Sasscer’s fiancé, Richard Zak, urged her to leave Maryland and start a bakery in Ventnor, where he lives. It was a risky move, but Sasscer had been considering the idea because she wanted to be closer to Zak.

To gauge interest among potential customers, she had been showcasing her cheesecakes at various famers markets at the Jersey Shore.

“We sold out every time,” she says. “It got me thinking that if we had a bakery, we could fill the need.”

Lisa Sasscer, owner of Sasscer's Cheesecakes, uses her mother's recipe for her popular cheesecakes.

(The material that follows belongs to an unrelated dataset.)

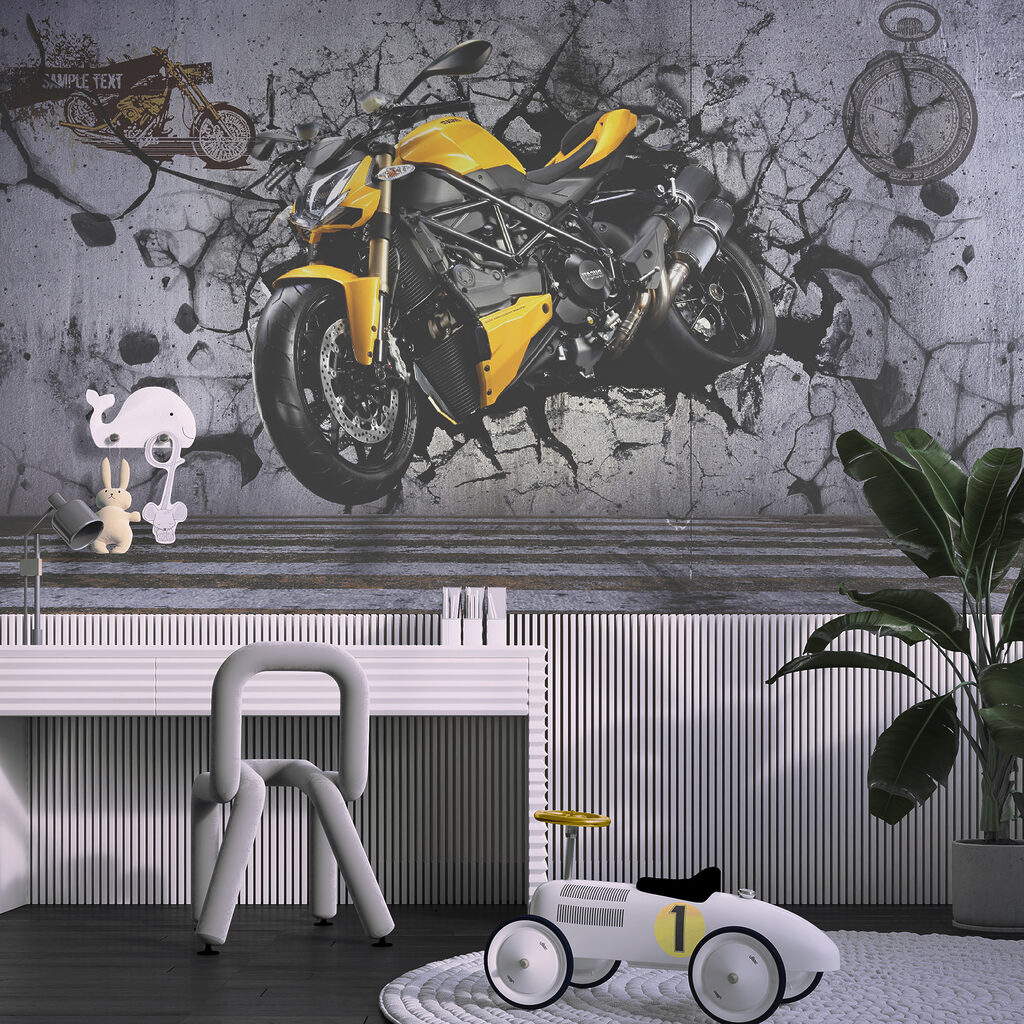 Yellow motorcycle on a wall Yellow motorcycle on a wall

Sasscer put her house on the market, sold it and invested nearly every dime of her savings to launch Sasscer’s Cheesecakes in Ventnor.

“It was scary,” Sasscer says, “but it was the best thing I ever did.”

Sasscer’s Cheesecakes, a 1,600-square-foot shop with retail and kitchen space, offers 40 different kinds of cheesecake, from plain to mocha cappuccino to apple peach cobbler to salty caramel cream — and everything in between. The cheesecakes come in three sizes: 4 inches, 6 inches and 10 inches.

The bakery also sells bread, pies, cookies, cream puffs, and cakes, as well as cupcakes that are filled with creamy cheesecake. Two bakers make the confections, and five employees decorate the baked items and handle the register.